EXERCISE DESCRIPTION — Look at the data below and print exactly the lines from its first line through the line with "Magnifique Appartement Rénové"; the pictures stay out of the copy.
Segment Start: MATERIAL PROVIDED
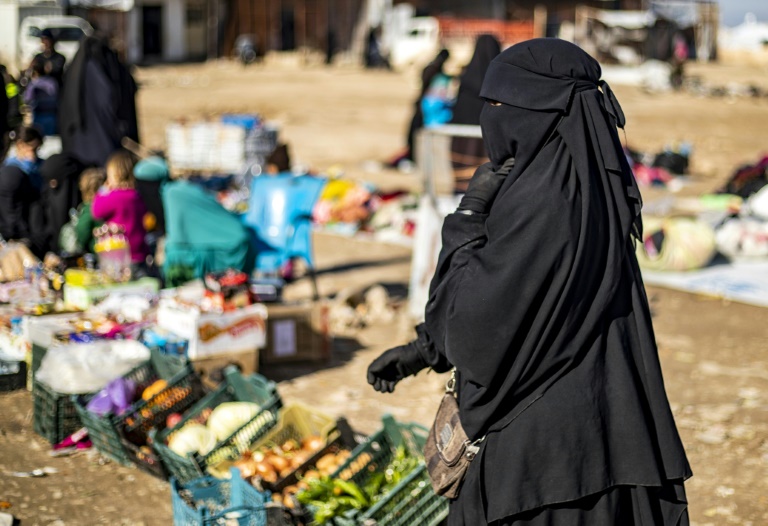 Une Française dans le camp de déplacés d'al-Hol géré par les Kurdes, dans le nord-est de la Syrie, le 14 janvier 2020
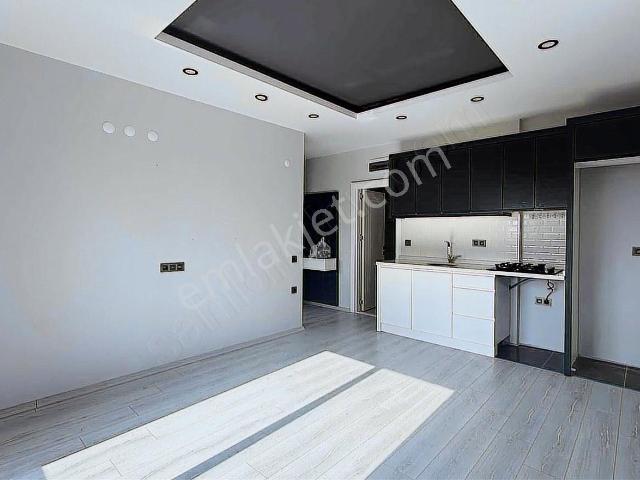 Berapark'tan Atatürk Cad. Cephe Arakat Kiralık 1+1 Daire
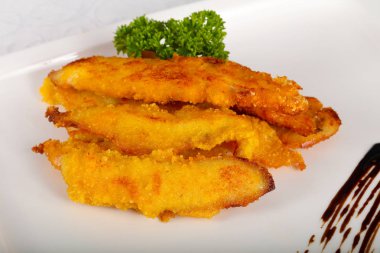 Beyaz masada gevrek tavuk göğsü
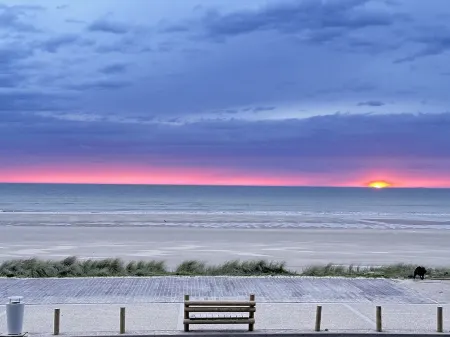 Magnifique Appartement Rénové vue Mer Отели в г. Нёфшатель-Ардло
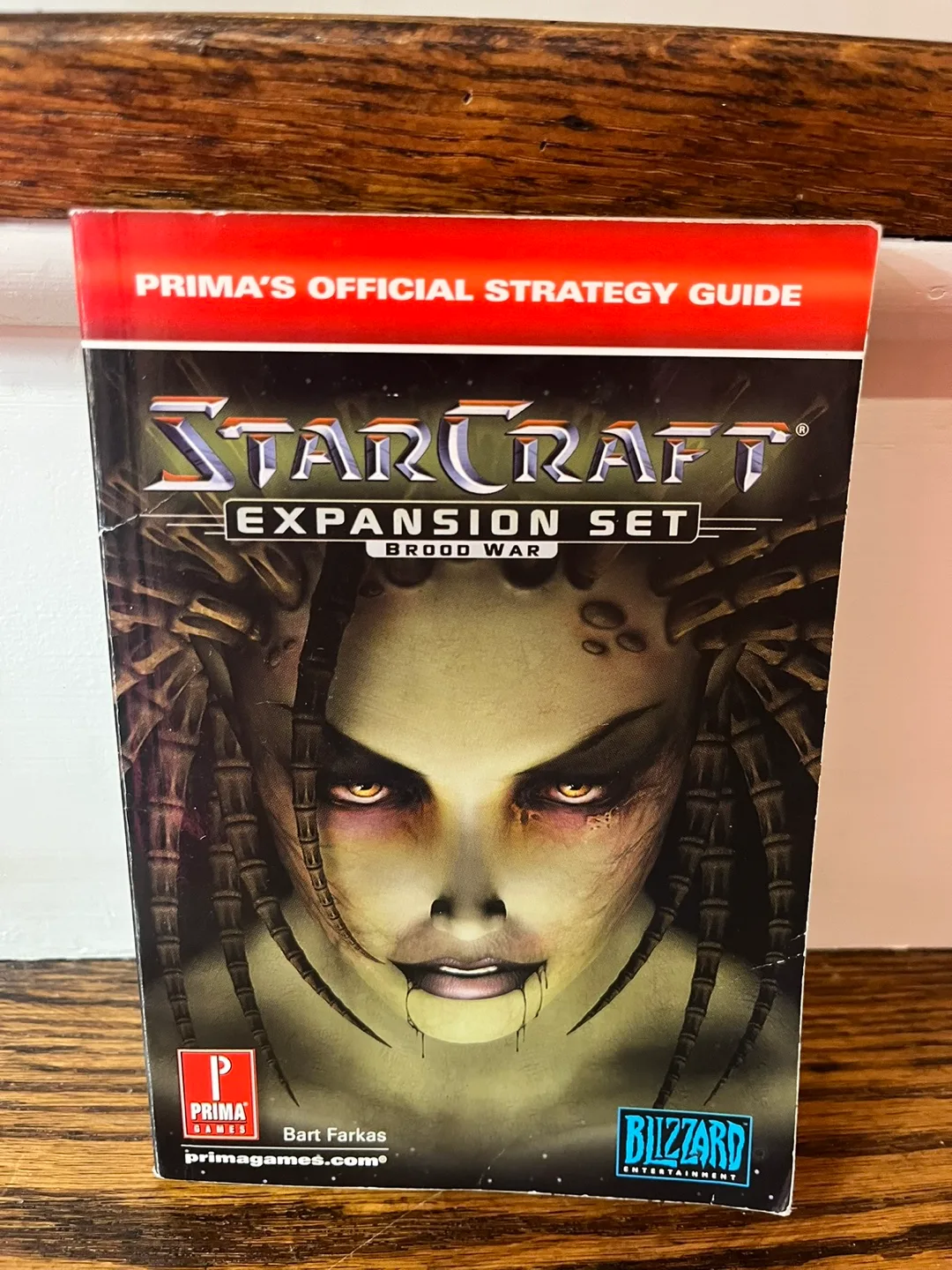 StarCraft Expansion Set: Brood War Prima Strategy Guide thumbnail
Segment End: MATERIAL PROVIDED
RESULT BELOW —
 Une Française dans le camp de déplacés d'al-Hol géré par les Kurdes, dans le nord-est de la Syrie, le 14 janvier 2020
 Berapark'tan Atatürk Cad. Cephe Arakat Kiralık 1+1 Daire
 Beyaz masada gevrek tavuk göğsü
 Magnifique Appartement Rénové vue Mer Отели в г. Нёфшатель-Ардло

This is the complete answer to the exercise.